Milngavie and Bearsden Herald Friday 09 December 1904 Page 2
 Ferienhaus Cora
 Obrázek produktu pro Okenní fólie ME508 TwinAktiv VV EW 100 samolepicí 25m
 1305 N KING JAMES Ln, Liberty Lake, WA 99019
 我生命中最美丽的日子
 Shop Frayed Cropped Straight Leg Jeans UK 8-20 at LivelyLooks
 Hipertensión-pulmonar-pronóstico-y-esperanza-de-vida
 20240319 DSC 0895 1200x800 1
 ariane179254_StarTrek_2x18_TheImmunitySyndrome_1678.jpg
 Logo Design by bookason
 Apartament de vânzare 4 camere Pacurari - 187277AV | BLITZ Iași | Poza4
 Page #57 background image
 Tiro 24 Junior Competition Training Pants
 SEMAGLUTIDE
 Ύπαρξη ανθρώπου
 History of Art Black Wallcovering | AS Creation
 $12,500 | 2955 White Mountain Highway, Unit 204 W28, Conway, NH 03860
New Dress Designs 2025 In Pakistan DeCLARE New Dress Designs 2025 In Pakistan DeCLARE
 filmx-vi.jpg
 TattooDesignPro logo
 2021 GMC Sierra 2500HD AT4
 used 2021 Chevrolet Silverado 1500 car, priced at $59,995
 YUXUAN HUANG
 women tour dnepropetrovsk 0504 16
▬▬▬▬▬▬▬▬▬▬
Aim of the task :: Repeat the data exactly, with every line included.

Response below ::
Milngavie and Bearsden Herald Friday 09 December 1904 Page 2
 Ferienhaus Cora
 Obrázek produktu pro Okenní fólie ME508 TwinAktiv VV EW 100 samolepicí 25m
 1305 N KING JAMES Ln, Liberty Lake, WA 99019
 我生命中最美丽的日子
 Shop Frayed Cropped Straight Leg Jeans UK 8-20 at LivelyLooks
 Hipertensión-pulmonar-pronóstico-y-esperanza-de-vida
 20240319 DSC 0895 1200x800 1
 ariane179254_StarTrek_2x18_TheImmunitySyndrome_1678.jpg
 Logo Design by bookason
 Apartament de vânzare 4 camere Pacurari - 187277AV | BLITZ Iași | Poza4
 Page #57 background image
 Tiro 24 Junior Competition Training Pants
 SEMAGLUTIDE
 Ύπαρξη ανθρώπου
 History of Art Black Wallcovering | AS Creation
 $12,500 | 2955 White Mountain Highway, Unit 204 W28, Conway, NH 03860
New Dress Designs 2025 In Pakistan DeCLARE New Dress Designs 2025 In Pakistan DeCLARE
 filmx-vi.jpg
 TattooDesignPro logo
 2021 GMC Sierra 2500HD AT4
 used 2021 Chevrolet Silverado 1500 car, priced at $59,995
 YUXUAN HUANG
 women tour dnepropetrovsk 0504 16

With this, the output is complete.